Bu hafta ne söyleyeceğiz?
2003 yılının Mart sonu ya da Nisan başıydı Gerçek Hayat’ta çalışmaya başladığımda. Ekipte zafer havası vardı. ABD askerlerinin Türkiye üzerinden Irak’a geçmesini öngören 1 Mart tezkeresinin Meclis’te reddedilmesinde payları olduğuna inanıyorlardı.
İsmet Özel’in “Amerikalı değilim hiç olmayacağım” sözü yazılı tişörtlerin giyildiği aktivizm dönemine yetişemedim. Ancak dergideki arkadaşlarla Doğu Konferansı üyelerine katılıp İncirlik’e gitmişliğimiz hatta ABD’nin muhtemel Suriye işgaline karşı Şam’da bayrak göstermişliğimiz oldu.
Gerçek Hayat anarşist/aktivist bir dergiydi.
Hakan Albayrak, Levent Gültekin, Nuray Mert, İsmet Özel, Murat Menteş, Murat Zelan, Halime Kökçe, Tayfun Salcı, Bekir Fuat, Suavi Kemal Yazgıç, Mehmet Ali İzmir ve Numan İlhan her an “olay” çıkarabilecek isimlerdi.

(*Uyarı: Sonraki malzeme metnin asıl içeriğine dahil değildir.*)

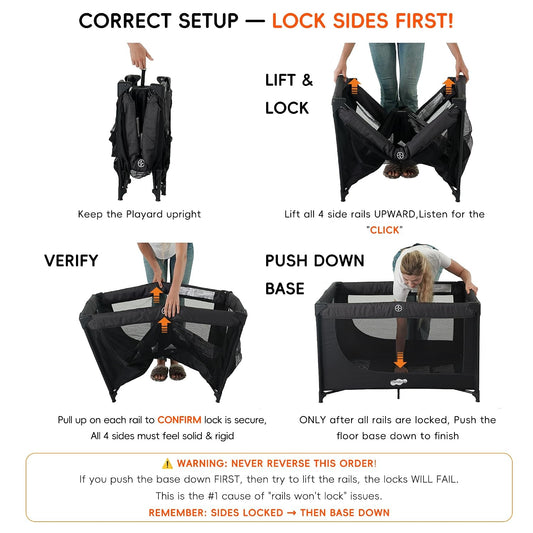 Pack and Play Portable Baby Crib Foldable Playard Leightweight Travel Playpen for Tooddlers and Infant Black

Sonra Ali Gümüş ve Ersin Çelik de aramıza katıldı. (Derginin o dönemki sahibi Levent Gültekin ve yazı işleri müdürü Murat Menteş şimdi nerede acaba?)
'PROTEST VE ANARŞİST BİR YAYIN YAPMALIYIZ'
Haftalık haber toplantısında sayımız azdı. Topu topu 3-5 kişiydik ama değişmez mottomuz “Bu haftaki sözümüz ne olacak”tı. Sonuçta dergi Cuma günü (o dönemler dergi matbaaya Salı günü veriliyordu) okuyucuyla buluştuğunda Türkiye hatta tüm dünyaya ayar vermiş olacaktık.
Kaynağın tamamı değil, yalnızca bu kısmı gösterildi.